The Southern Baptist Convention, the largest Protestant group in the United States, overwhelmingly voted to expel two congregations with women pastors on June 14, 2023, during their annual convention.
SBC messengers, as convention delegates are called, also put forward an amendment to make churches’ membership within the denomination contingent upon prohibiting women pastors, which will be voted on next year.
Media coverage of this debate has focused on gender. However, as a scholar of Baptists in the U.S., I believe an underlying conversation about sexuality has also shaped the church’s opposition to women preaching.
A denomination’s decisions about one social issue often influence its position on others, as I have written about with sociologist Gerardo Marti. We argue that the SBC’s stance on issues of gender and sexuality have not always been just about fidelity to their interpretation of scripture. Rather, the SBC uses these issues to differentiate itself from other, more progressive denominations.
My recent book, “Binkley: A Congregational History,” examines the history of one of the first congregations to be expelled from the SBC over the issue of sexuality, in 1992.
Gay and called
In 1990, a Duke Divinity School student named John Blevins, who was openly gay, began attending the Olin T. Binkley Memorial Baptist Church in Chapel Hill, North Carolina. After his first year of Divinity School, he approached the church about the possibility of being ordained.
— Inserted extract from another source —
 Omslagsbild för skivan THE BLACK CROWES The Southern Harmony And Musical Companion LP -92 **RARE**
Blevins was drawn to Binkley for its progressive theology. Founded in 1958, the church became an interracial congregation and supported the Civil Rights Movement at a time when many Southern Baptist churches prohibited Black worshippers from becoming members or even attending Sunday services. Later, the congregation called women to serve as associate pastors and, ultimately, senior pastor as well.
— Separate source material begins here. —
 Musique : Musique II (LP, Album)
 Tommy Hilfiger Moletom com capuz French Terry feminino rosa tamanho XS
Blevins’ request for ordination raised questions among some of Binkley’s leaders and members. Between 1976 and 1991, the SBC had passed six resolutions on homosexuality. The first encouraged congregations “not to afford the practice of homosexuality any degree of approval through ordination, employment, or other designations of normal life-style.” Subsequent resolutions grew increasing harsh. In 1988, the SBC passed a resolution that declared homosexuality an “abomination in the sight of God.”
Convention resolutions are not binding on individual congregations, however, and many members of Binkley thought about sexuality differently. Senior pastor Linda Jordan thought that since Blevins was still completing his divinity degree, the church should license him to preach, but wait to formally ordain – meaning he could not preside over communion or weddings, nor hold the title of Reverend.
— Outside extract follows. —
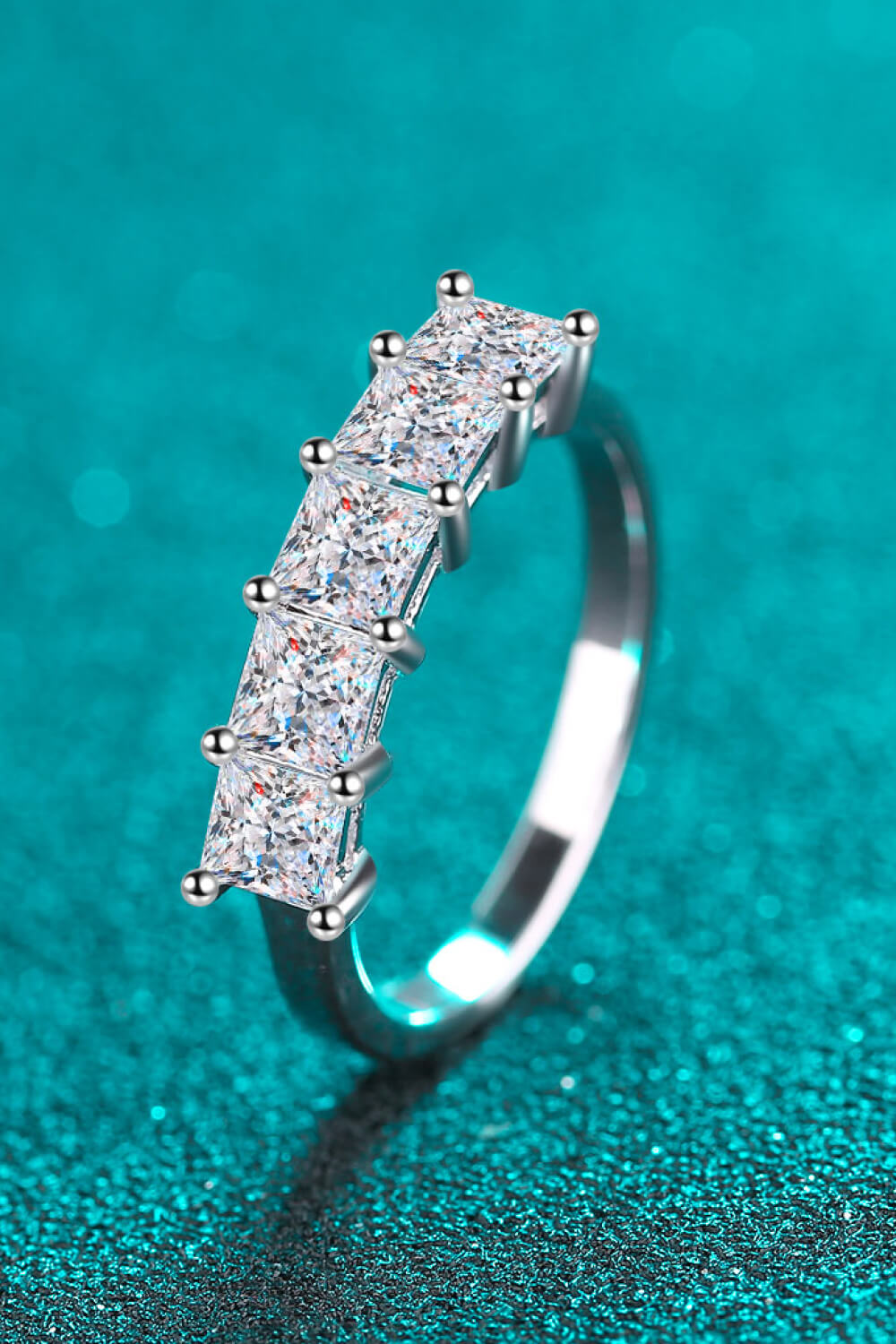 Romantic Surprise 2 Carat Moissanite Rhodium-Plated Ring-Teresa&#39;s Fashionista LLC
The church went through a yearlong process of studying faith and sexuality as members wrestled with Blevins’ request. In April 1992, the congregation voted to license Blevins to preach the Gospel.
Removal from the SBC
That same year, in Raleigh, North Carolina, Pullen Memorial Baptist Church held a ceremony to honor a same-sex union. As Pullen’s pastor Mahan Siler reflected in 2022, it was a first: “there wasn’t a congregation we knew out there who we could learn from.”
Both congregations’ decisions drew the ire of the North Carolina Baptist Convention, as well as the national convention of the SBC, where messengers voted to expel both churches. Minutes from the meeting note that the crowd burst into the “appearance of elation” at the decision.
Messengers proceeded to propose an amendment that congregations “which act to affirm, approve or endorse homosexual behavior” would not be “in friendly cooperation with the Convention.” It was adopted the following year.